Task to complete: Below this line is a set of entries; quote exactly the lines from the line that contains "眺望　★お部屋探しは株式会社タウンハウジング東京まで★" to the line that contains "Letzter Schliff am Pausenhof", both lines included.

[Data items]
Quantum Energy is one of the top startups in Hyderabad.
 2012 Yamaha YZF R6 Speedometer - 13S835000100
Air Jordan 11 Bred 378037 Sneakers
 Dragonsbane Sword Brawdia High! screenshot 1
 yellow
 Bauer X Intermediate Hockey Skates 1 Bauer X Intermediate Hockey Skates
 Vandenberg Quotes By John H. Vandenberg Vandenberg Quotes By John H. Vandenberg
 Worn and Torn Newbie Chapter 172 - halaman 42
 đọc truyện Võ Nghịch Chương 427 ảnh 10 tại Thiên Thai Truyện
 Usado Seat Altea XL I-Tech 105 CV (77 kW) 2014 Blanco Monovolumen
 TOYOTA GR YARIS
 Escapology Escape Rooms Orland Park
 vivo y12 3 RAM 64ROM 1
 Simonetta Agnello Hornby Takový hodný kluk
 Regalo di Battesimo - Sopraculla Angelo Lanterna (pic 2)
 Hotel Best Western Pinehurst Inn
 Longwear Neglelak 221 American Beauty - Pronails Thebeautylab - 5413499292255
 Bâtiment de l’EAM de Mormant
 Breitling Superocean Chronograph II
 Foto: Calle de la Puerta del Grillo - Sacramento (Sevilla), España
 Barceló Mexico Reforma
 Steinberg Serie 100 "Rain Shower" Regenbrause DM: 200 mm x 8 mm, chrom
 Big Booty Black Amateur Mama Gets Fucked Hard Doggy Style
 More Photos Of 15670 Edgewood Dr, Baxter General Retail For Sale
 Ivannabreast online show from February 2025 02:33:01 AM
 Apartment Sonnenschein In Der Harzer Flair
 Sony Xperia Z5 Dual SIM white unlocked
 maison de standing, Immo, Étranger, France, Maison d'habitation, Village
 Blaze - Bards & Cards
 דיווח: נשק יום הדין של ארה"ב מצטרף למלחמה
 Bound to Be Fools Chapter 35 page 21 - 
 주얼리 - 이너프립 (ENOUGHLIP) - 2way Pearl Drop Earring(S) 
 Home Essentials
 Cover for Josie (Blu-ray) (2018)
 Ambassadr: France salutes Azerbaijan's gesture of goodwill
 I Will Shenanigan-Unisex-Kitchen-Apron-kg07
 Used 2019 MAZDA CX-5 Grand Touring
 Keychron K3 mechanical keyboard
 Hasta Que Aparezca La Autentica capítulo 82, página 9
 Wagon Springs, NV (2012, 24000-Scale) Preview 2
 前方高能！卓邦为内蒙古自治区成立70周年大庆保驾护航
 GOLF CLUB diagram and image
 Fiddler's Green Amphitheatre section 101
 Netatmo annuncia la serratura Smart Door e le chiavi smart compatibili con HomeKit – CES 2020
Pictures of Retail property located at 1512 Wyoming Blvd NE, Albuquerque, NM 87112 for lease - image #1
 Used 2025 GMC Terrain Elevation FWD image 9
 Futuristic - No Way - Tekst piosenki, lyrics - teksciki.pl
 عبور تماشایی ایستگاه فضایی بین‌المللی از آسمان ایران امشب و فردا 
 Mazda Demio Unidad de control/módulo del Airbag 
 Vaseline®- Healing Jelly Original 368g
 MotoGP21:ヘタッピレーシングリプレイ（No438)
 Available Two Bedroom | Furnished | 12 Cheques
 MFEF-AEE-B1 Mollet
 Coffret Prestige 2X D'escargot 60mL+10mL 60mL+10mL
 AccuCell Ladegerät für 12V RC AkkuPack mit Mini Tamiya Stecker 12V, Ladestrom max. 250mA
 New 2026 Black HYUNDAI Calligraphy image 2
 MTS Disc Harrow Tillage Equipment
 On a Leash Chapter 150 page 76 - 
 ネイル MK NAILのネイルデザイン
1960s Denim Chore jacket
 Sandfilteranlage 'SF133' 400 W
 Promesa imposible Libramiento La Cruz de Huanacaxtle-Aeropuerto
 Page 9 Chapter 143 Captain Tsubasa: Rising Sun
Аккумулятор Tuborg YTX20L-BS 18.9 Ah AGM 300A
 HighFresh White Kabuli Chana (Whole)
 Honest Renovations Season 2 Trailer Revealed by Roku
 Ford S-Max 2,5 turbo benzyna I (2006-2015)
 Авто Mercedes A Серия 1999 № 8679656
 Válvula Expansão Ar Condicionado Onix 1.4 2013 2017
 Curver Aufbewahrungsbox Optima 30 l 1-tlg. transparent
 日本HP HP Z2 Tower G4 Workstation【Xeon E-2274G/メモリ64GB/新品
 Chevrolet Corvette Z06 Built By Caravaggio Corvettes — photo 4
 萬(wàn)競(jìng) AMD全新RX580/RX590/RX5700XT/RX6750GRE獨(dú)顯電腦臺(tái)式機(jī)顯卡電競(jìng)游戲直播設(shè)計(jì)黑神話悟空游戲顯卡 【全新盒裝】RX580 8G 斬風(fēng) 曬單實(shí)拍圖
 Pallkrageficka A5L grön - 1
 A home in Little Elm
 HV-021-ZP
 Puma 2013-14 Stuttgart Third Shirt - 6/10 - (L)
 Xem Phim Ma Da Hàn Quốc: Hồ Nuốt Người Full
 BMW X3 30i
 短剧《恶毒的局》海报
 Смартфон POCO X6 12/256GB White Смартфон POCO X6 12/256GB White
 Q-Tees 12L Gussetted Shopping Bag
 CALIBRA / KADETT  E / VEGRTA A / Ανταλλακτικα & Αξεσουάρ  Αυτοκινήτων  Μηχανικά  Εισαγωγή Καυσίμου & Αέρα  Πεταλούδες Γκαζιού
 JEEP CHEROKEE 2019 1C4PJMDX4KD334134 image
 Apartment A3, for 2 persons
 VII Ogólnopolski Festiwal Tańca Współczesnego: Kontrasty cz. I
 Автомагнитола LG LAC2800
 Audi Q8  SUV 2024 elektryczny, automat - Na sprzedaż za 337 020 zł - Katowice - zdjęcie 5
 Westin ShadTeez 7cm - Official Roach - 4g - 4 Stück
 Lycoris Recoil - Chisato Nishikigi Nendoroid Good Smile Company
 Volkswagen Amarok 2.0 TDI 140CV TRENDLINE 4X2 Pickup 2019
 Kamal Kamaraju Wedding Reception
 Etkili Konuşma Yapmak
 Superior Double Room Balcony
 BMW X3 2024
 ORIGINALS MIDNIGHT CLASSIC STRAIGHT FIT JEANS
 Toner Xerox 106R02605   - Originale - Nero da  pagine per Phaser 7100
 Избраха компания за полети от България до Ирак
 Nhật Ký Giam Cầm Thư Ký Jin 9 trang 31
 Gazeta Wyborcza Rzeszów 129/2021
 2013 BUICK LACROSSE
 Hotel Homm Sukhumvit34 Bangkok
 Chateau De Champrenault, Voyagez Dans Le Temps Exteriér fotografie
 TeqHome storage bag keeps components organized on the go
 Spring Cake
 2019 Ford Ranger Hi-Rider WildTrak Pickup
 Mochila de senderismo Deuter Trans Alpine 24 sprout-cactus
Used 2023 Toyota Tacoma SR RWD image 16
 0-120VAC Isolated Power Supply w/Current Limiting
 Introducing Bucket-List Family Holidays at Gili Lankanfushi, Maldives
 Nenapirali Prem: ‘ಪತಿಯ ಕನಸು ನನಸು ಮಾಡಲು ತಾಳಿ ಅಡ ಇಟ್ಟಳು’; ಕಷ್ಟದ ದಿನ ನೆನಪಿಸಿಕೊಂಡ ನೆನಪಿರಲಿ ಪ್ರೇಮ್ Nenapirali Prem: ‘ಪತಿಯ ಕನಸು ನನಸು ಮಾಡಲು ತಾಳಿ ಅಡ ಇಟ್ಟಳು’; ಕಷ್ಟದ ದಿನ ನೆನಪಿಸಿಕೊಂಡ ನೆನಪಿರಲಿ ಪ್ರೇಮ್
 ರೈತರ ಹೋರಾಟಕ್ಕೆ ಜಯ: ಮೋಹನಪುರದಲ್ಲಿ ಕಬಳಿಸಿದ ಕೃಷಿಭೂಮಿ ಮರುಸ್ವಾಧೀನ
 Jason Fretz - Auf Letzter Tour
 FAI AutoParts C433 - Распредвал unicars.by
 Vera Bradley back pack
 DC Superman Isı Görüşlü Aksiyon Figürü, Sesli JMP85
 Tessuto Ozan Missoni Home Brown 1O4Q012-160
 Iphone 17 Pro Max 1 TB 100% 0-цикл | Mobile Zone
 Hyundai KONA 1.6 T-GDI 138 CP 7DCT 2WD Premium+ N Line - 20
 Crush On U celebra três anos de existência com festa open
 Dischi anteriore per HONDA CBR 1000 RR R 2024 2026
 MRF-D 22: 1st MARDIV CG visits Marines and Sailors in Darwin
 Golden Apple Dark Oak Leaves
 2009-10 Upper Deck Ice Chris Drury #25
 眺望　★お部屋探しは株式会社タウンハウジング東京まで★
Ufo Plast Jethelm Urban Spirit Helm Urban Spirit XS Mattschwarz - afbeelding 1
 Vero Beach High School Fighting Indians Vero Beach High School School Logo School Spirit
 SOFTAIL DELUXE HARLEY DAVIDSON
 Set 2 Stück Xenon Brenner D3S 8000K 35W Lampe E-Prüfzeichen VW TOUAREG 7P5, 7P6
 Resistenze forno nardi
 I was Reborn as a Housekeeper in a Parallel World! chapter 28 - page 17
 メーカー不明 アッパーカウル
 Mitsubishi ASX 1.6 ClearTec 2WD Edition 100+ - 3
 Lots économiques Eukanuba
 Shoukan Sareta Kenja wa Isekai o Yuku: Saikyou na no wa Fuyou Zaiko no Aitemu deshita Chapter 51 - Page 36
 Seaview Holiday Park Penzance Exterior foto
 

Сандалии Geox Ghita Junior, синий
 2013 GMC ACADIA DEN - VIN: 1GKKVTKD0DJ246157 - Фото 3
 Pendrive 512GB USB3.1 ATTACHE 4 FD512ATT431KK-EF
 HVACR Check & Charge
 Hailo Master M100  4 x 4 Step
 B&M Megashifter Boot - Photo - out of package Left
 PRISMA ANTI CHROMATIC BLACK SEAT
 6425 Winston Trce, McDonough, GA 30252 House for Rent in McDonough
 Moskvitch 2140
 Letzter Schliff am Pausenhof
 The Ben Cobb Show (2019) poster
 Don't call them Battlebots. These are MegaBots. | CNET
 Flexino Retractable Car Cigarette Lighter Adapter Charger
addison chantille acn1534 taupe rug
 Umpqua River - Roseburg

Result:
 眺望　★お部屋探しは株式会社タウンハウジング東京まで★
Ufo Plast Jethelm Urban Spirit Helm Urban Spirit XS Mattschwarz - afbeelding 1
 Vero Beach High School Fighting Indians Vero Beach High School School Logo School Spirit
 SOFTAIL DELUXE HARLEY DAVIDSON
 Set 2 Stück Xenon Brenner D3S 8000K 35W Lampe E-Prüfzeichen VW TOUAREG 7P5, 7P6
 Resistenze forno nardi
 I was Reborn as a Housekeeper in a Parallel World! chapter 28 - page 17
 メーカー不明 アッパーカウル
 Mitsubishi ASX 1.6 ClearTec 2WD Edition 100+ - 3
 Lots économiques Eukanuba
 Shoukan Sareta Kenja wa Isekai o Yuku: Saikyou na no wa Fuyou Zaiko no Aitemu deshita Chapter 51 - Page 36
 Seaview Holiday Park Penzance Exterior foto
 

Сандалии Geox Ghita Junior, синий
 2013 GMC ACADIA DEN - VIN: 1GKKVTKD0DJ246157 - Фото 3
 Pendrive 512GB USB3.1 ATTACHE 4 FD512ATT431KK-EF
 HVACR Check & Charge
 Hailo Master M100  4 x 4 Step
 B&M Megashifter Boot - Photo - out of package Left
 PRISMA ANTI CHROMATIC BLACK SEAT
 6425 Winston Trce, McDonough, GA 30252 House for Rent in McDonough
 Moskvitch 2140
 Letzter Schliff am Pausenhof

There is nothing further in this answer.